For years, the Recording Industry Association of America (RIAA), the Motion Picture Association of America (MPAA) and other interest groups made a simple argument whenever the topic of file-sharing came up: sharing songs, e-books, games, software programs and movies for free on the Internet—usually via peer-to-peer (P2P) networks—hurt artists.
Why would anyone actually buy a piece of media through regular sales channels, those groups argued, when it could be theirs for the low, low price of zero dollars?
But a new study from the American Assembly at Columbia University—made possible by a research grant from Google, which sells a variety of media through its Google Play online storefront—suggests that P2P file sharers are also heavy consumers of traditional media. “In the [United States], they buy roughly 30 percent more digital music,” reads the study’s introduction. “They also display marginally higher willingness to pay.”
Furthermore, “there is no significant difference between those who copy or file share and those who do not.”
Roughly 46 percent of American adults “have acquired media in ways other than buying a licit product,” the study detailed, “whether by copying files or disks from family and friends; downloading music, TV shows, or movies for free; or purchasing pirated DVDs.” Among those 18-to-29-years-old, copiers were much more prevalent—a full 70 percent of those surveyed.

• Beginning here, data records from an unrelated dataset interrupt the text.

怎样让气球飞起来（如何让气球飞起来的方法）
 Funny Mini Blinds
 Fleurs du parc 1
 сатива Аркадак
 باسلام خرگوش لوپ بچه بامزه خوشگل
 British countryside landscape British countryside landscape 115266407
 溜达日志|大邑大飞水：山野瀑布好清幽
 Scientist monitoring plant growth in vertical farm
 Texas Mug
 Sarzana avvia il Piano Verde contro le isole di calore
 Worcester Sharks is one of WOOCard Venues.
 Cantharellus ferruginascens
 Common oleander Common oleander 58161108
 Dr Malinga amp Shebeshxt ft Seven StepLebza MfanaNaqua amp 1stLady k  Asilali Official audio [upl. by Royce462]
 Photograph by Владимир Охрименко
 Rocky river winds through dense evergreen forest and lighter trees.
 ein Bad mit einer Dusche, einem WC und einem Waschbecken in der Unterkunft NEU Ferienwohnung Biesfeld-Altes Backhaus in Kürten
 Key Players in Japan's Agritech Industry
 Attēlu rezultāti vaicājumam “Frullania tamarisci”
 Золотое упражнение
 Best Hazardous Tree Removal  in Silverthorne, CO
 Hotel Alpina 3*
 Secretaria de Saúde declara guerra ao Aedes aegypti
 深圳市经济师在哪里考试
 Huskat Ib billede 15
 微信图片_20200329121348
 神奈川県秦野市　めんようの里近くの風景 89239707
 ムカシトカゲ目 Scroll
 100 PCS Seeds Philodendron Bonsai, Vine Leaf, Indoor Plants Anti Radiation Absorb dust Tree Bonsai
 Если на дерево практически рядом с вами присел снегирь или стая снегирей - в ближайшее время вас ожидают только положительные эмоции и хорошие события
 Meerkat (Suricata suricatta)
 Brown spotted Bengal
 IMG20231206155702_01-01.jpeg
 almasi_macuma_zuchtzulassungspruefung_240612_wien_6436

As the study notes, governing bodies have taken several drastic steps over the past few years to limit peer-to-peer and online storage Websites such as Megaupload, which in turn has cast doubt “over the legal status of a wide array of web services.” Meanwhile, organizations such as human rights groups and even some courts have pushed back against what’s perceived as some of the more draconian regulatory measures.
Of course, file-sharing networks are also doing more to protect themselves. Back in October 2012, The Pirate Bay—arguably the most infamous of them all—announced that it was moving its operations into the cloud. “Now we’ve gotten rid of the servers. Slowly and steadily we are getting rid of our earthly form and ascending into the next stage, the cloud,” read a note posted on the Website’s blog. “Our data flows around in thousands of clouds, in deeply encrypted forms, ready to be used when necessary. Earth bound nodes that transform the data are as deeply encrypted and reboot into a deadlock if not used for 8 hours.”
Nor is streaming, viewed by some as a good way to mitigate piracy, a format in use by a majority of Americans: some 13 percent of adults surveyed by American Assembly indicated that they relied on streaming services for “most or all” of music listening, with half listening through paid subscriptions. Germans—the other major group involved in the survey—used those services even less.
Study results like these are unlikely to change the course of groups determined to harry file-sharing networks into nonexistence. But in the battle over copyrights to data, it does provide some interesting perspective.